For example, is there a more efficient methodology to analyze prestack data whether interpreting gathers, offset/angle stacks, or amplitudevariation with offset (AVO) attributes? Can the numerous volumes of data produced by spectral decomposition be efficiently analyzed to determine which frequencies contain the most
meaningful information? Is it possible to derive more geologic information from the numerous seismic attributes generated by interpreters by evaluating numerous attributes all at once and not each one individually? This paper describes the methodologies to analyze combinations of seismic attributes of any kind for meaningful patterns that correspond to geologic features. Principal component analysis (PCA) and self organizing maps (SOMs) provide multiattribute analyses that have proven to be an excellent pattern recognition approach in the seismic interpretation workflow. A seismic attribute is any measurable property of seismic data, such as amplitude, dip, phase, frequency, and polarity that can be measured at one instant in time/depth over a time/depth window, on a single trace, on a set of traces, or on a surface interpreted from the seismic data (Schlumberger Oilfield Glossary, 2015). Seismic attributes reveal features, relationships, and patterns in the seismic data that otherwise might not be noticed (Chopra and Marfurt, 2007). Therefore, it is only logical to deduce that a multiattribute approach with the proper input parameters can produce even more meaningful results and help to reduce risk in prospects and projects.

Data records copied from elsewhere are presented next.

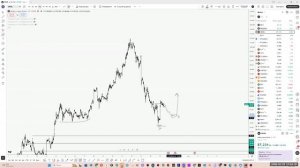 Золото, VK, OZON и нефть: уровни, коррекция и точки входа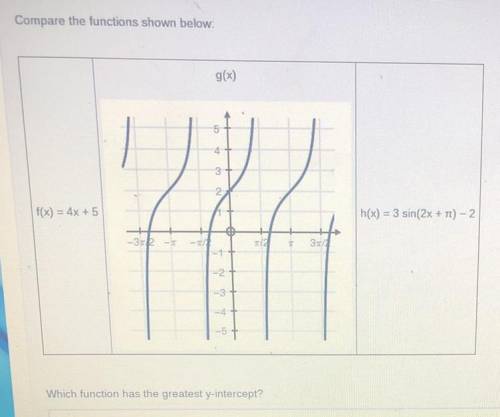 Compare the functions shown below:

g(x)
5
2 2
f(x) = 4x + 5
h(x) = 3 sin(2x + Tt) - 2
#
1
4
--
T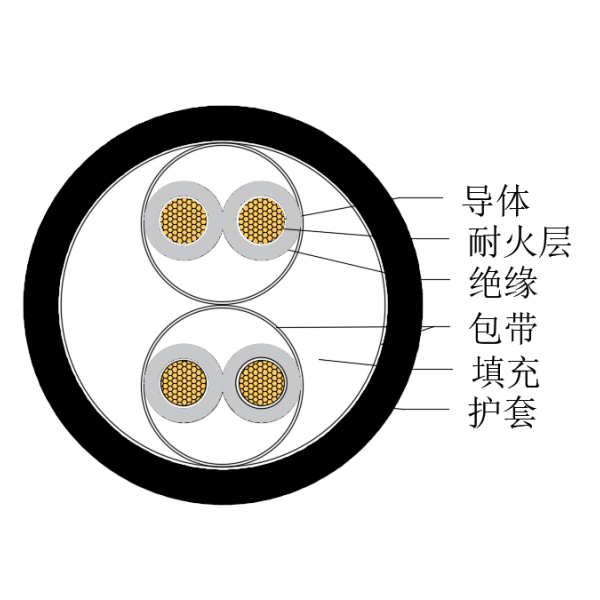 銅芯交聯(lián)聚乙烯絕緣低煙無鹵耐火船用儀表電纜-CHJPJ/NC-150/250V、CHJPF/NC-150/250V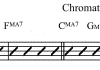 jazz progressions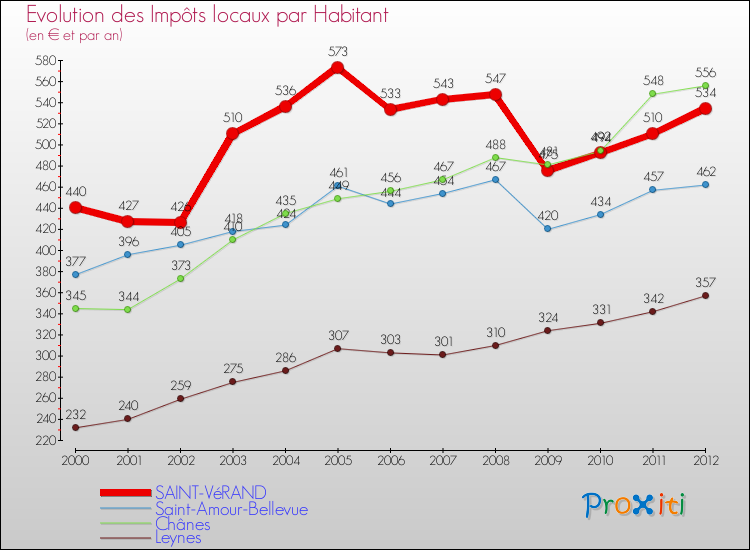 Evolution et montant des impôts locaux par Habitant pour SAINT-VéRAND et les communes proches Comparaison des impôts locaux par habitant pour SAINT-VéRAND et les communes voisines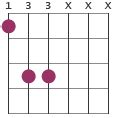 F5 chord - F guitar power chord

Evolution of seismic attributes
Balch (1971) and Anstey at SeiscomDelta in the early 1970s are credited with producing some of the first generation of seismic attributes and stimulated the industry to rethink standard methodology when these results were presented in color. Further development was advanced with the publications by Taner and Sheriff (1977) and Taner et al. (1979) who present complex trace attributes to display aspects of seismic data in color not seen before, at least in the interpretation community. The primary complex trace attributes including reflection strength/envelope, instantaneous phase, and instantaneous frequency inspired several generations of new seismic attributes that evolved as our visualization and computer power improved. Since the 1970s, there has been an explosion of seismic attributes to such an extent that there is not a standard approach to categorize these attributes. Brown (1996) categorizes seismic attributes by time, amplitude, frequency, and attenuation in prestack and poststack modes. Chen and Sidney (1997) categorize seismic attributes by wave kinematics/dynamics and by reservoir features. Taner (2003) further categorizes seismic attributes by prestack and by poststack, which is further divided into instantaneous, physical, geometric, wavelet, reflective, and transmissive. Table 1 is a composite list of seismic attributes and associated categories routinely used in seismic interpretation today. There are of course many more seismic attributes and combinations of seismic attributes than listed in Table 1, but as Barnes (2006) suggests, if you do not know what an attribute means or is used for, discard it. Barnes (2006) prefers attributes with geologic or geophysical significance and avoids attributes with purely mathematical meaning. In a similar vein, Kalkomey (1997) indicates that when correlating well control with seismic attributes, there is a high probability of spurious correlations if the well measurements are small or the number of independent seismic attributes is considered large. Therefore, the recommendation when the well correlation is small is that only those seismic attributes that have a physically justifiable relationship with the reservoir property be considered as candidates for predictors.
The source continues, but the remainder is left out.